Occupy Wall Street (OWS) is a movement whose activism is planned and coordinated via a free, open-source social-networking website that is maintained by an independent group of organizers who describe themselves as “committed to doing technical support work for resistance movements.” Strongly anti-capitalist, OWS characterizes America as a “ruthless,” materialistic society where the chief objective is to “always minimize costs and maximize profits”; where “lives are commodities to be bought and sold on the open market”; and where “the economic transaction has become the dominant way of relating to the culture and artifacts of human civilization.” The “deep spiritual sickness” that necessarily results from this repugnant philosophy of perpetual economic "growth for the sake of growth," says OWS, has caused “vast deprivation, oppression and despoliation ... to cover the world.” OWS's prescribed remedy is to replace the foregoing arrangement “with a society of cooperation and community” – i.e., a socialist economy....Check the link for the full entry.
Front groups of the community organization ACORN played a major role in organizing the OWS protests nationwide. For instance, the Working Families Party (WFP), a longtime ACORN front, helped mobilize the demonstrations in New York City. "[We are] actually trying to change the capitalist system that we have today because it’s not working for any of us," WFP organizer Nelini Stamp told Laura Flanders of Free Speech TV in an interview.
Meanwhile, ACORN’s newer front groups were likewise deeply involved in launching and expanding the OWS movement throughout the fall of 2011. For instance, New York Communities for Change -- led by longtime ACORN lobbyist Jon Kest -- helped WFP organize the demonstrations in lower Manhattan. In Pennsylvania, Action United participated in the "Occupy Pittsburgh" rallies. In Florida, Organize Now took part in "Occupy Orlando." The Alliance of Californians for Community Empowerment led the "Occupy L.A." protests. And New England United for Justice, headed by former ACORN national president Maude Hurd, participated in the related “Take Back Boston” rallies in Massachusetts.
The Communist Party USA (CPUSA) was also heavily involved in OWS's formation and early growth. At the heart of "Occupy Los Angeles," for instance, were two Southern California communists -- veteran Party leader Arturo Cambron and his comrade Mario Brito. In early October 2011, Brito declared that OWS's chief objective was to achieve “economic justice,” and added: “This is an international movement ... The vast majority of Americans actually believe income inequality is a major problem. The only reason they haven’t acted upon it is because there hasn’t been a mass movement.” In an October 15, 2011 address to the nearly 3,000 attendees at an "Occupy Chicago" rally, John Bachtell, a spokesman from the CPUSA's national board, claimed to “bring greetings and solidarity from the Communist Party”; he received a number of loud ovations from the crowd.

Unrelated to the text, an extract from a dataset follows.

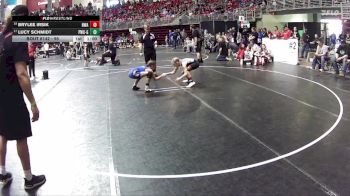 95 lbs Quarterfinal - Lucy Schmidt, Plattsmouth Wrestling Club - Girls vs BryLee Irsik, Nebraska Wrestling Academy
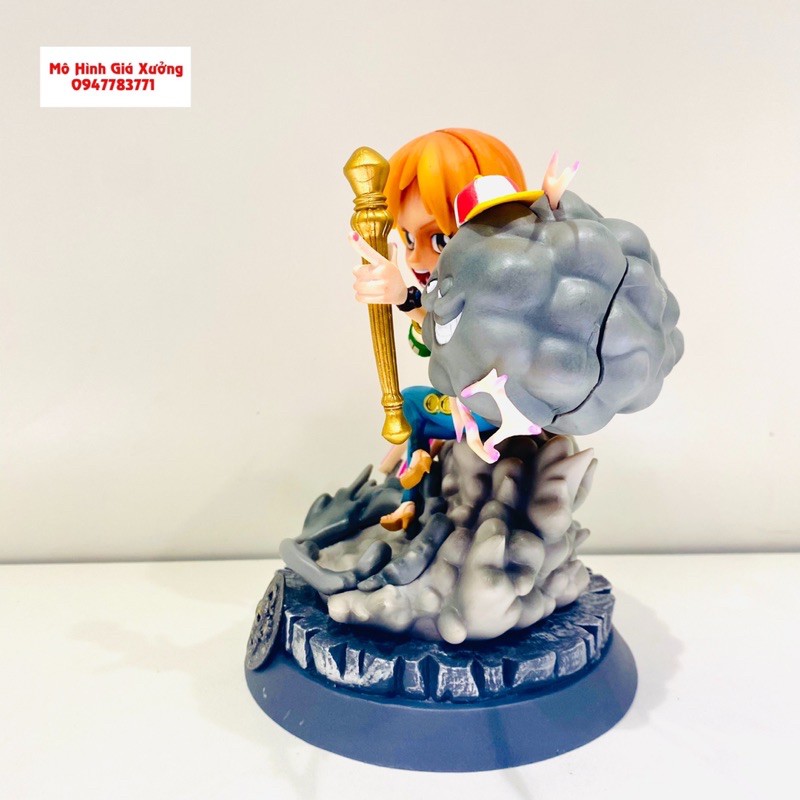 Mô Hình Hoa Tiêu Nami trạng thái chiến đấu  Cao 18cm - Tượng Figure Miêu Nữ One Piece Vua Hải Tặc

The early OWS demonstrations imposed considerable monetary costs on the cities in which they were staged. By mid-October 2011, for example, the protesters' then-month-long siege of Zuccotti Park in Lower Manhattan had already cost New York taxpayers some $3.2 million for overtime police pay. Meanwhile, Boston City Council president Stephen Murphy reported that the costs resulting from the protests in his city were approaching $2 million.

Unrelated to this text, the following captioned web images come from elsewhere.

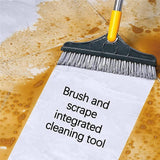2 in 1 Floor Brush Scrubber with Long Handle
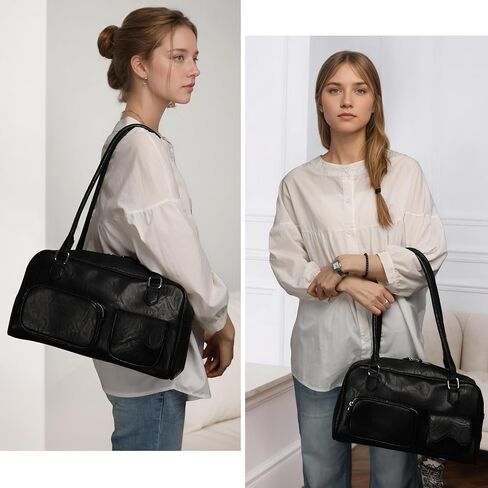 Shoulder Bag for Women Y2K Purse Top Handle Shoulder Bag Vegan Leather Swing Bag for Travel Everyday Use in Saudi Arabia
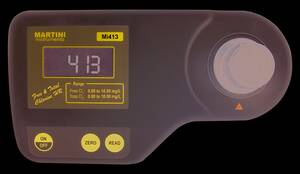 Milwaukee Mi413 Free & Total Chlorine (High Range) Professional Photometer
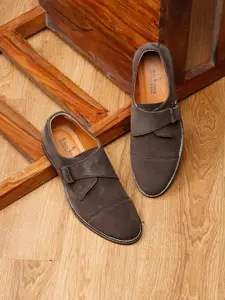 LOUIS STITCH Men Lightweight Suede Monk shoes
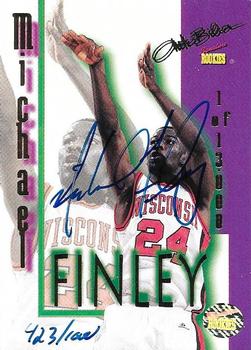 1995 Signature Rookies Autobilia - Autographs #21 Michael Finley Front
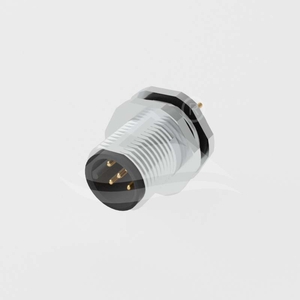 M12 Front Male Receptacle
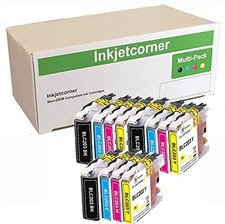 Inkjetcorner Compatible Ink Cartridges Replacement for LC203 XL MFC-J460DW MF... picture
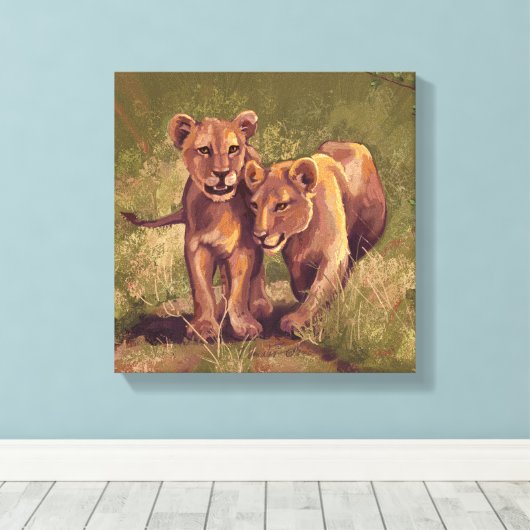 Toile Lion Cubs (Insitu (Plancher de Bois))
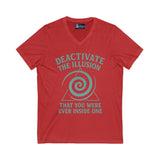 V neck  Deactivation Design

Quite popular at OWS demonstrations across the United States are T-shirts and speeches glorifying such renowned Marxists as Che Guevara, Emiliano Zapata and Mao Zedong; lionizing convicted cop-killer Troy Davis and WikiLeaks collaborator Bradley Manning; promoting the DREAM Act and 9/11 Trutherism; and denouncing Fox News, the American Legislative Exchange Council, Wisconsin's Republican governor Scott Walker, the Koch family, the New York Police Department, and "Nazi Bankers" and Jews.
Indeed, anti-Semitism is clearly in evidence at many “Occupy” events nationwide, where placards and chanted slogans denouncing the alleged conspiracies of “Jewish bankers” (and "Zionist Jews") square neatly with OWS's relentless condemnations of “greedy Wall Street bankers” and thus go unchallenged by the protesting throngs. According to the American Nazi Party, which supports OWS, the movement strikes a welcome blow against an obscenely corrupt "Judeo-Capitalism."